Your goal:
A faithful copy is required. Print each line of the data exactly and omit the pictures.

Scraped caption text data:
────────────────────────────────────────

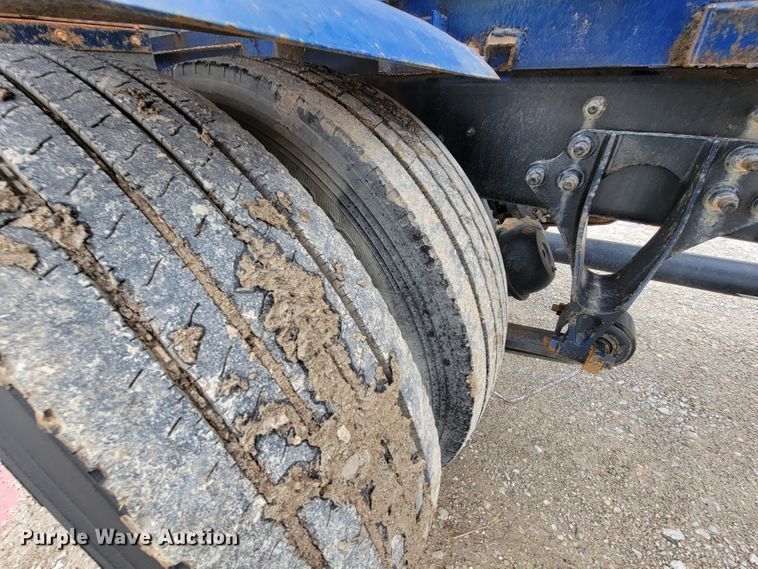 image for item HF9315 2008 International 4300  flatbed truck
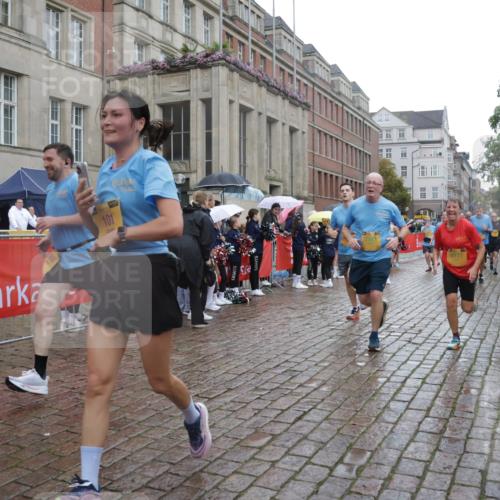 13.09.2026 - Kiel Lauf Yannick Fuchs http://msf.ph/oto/10419771 13.09.2026 10:52:09 Ziel 171, 1027, 1364, 1365, 1811, 1869, 2438, 2484, 2806, 2991, 3280, 3435, 3529, 3644, 3881, 4008, 4385, 4577, 4957, 4977, 5321, 5359, 5994, 6069, 6872, 7053, 7447, 7464, 7647, 8051, 8292, 8898, 9221, 9267, 9624, 9894, 10071, 10540, 10598, 10637, 10755, 10802, 10811, 10992, 11308, 11380, 11915, 12536, 23, 101, 201, 310, 825, 826, 1231, 1568, 1591, 1600, 1754, 1890, 2393, 2404, 2468, 2470, 2566, 2783, 3013, 3440, 3644, 3956, 4084, 4175, 4476, 4613, 4887, 5174, 5441, 6177, 6367 meine-sportfotos.de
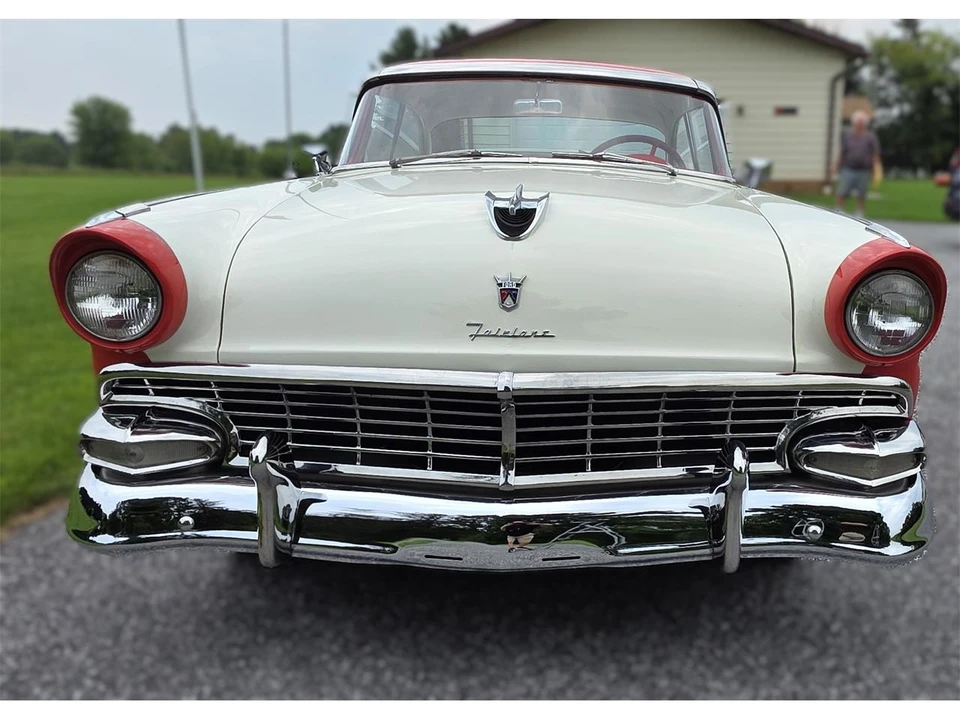 1956 Ford Fairlane 1st Gen - Image 17 of 31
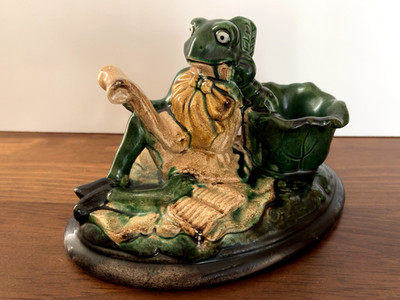 VINTAGE-STYLE FROG ON A LILY PAD CERAMIC CANDLE HOLDER READING A SCROLL 8.5'' L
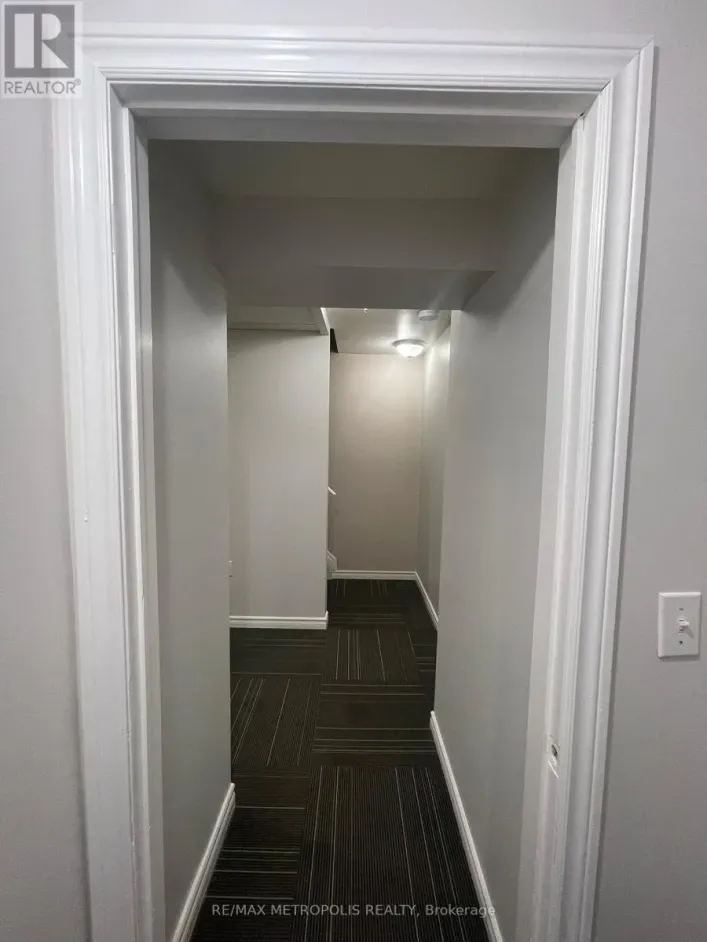 LOWER - 58 WHITEFOOT CRESCENT, Ajax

────────────────────────────────────────

Written response:
 image for item HF9315 2008 International 4300  flatbed truck
 13.09.2026 - Kiel Lauf Yannick Fuchs http://msf.ph/oto/10419771 13.09.2026 10:52:09 Ziel 171, 1027, 1364, 1365, 1811, 1869, 2438, 2484, 2806, 2991, 3280, 3435, 3529, 3644, 3881, 4008, 4385, 4577, 4957, 4977, 5321, 5359, 5994, 6069, 6872, 7053, 7447, 7464, 7647, 8051, 8292, 8898, 9221, 9267, 9624, 9894, 10071, 10540, 10598, 10637, 10755, 10802, 10811, 10992, 11308, 11380, 11915, 12536, 23, 101, 201, 310, 825, 826, 1231, 1568, 1591, 1600, 1754, 1890, 2393, 2404, 2468, 2470, 2566, 2783, 3013, 3440, 3644, 3956, 4084, 4175, 4476, 4613, 4887, 5174, 5441, 6177, 6367 meine-sportfotos.de
 1956 Ford Fairlane 1st Gen - Image 17 of 31
 VINTAGE-STYLE FROG ON A LILY PAD CERAMIC CANDLE HOLDER READING A SCROLL 8.5'' L
 LOWER - 58 WHITEFOOT CRESCENT, Ajax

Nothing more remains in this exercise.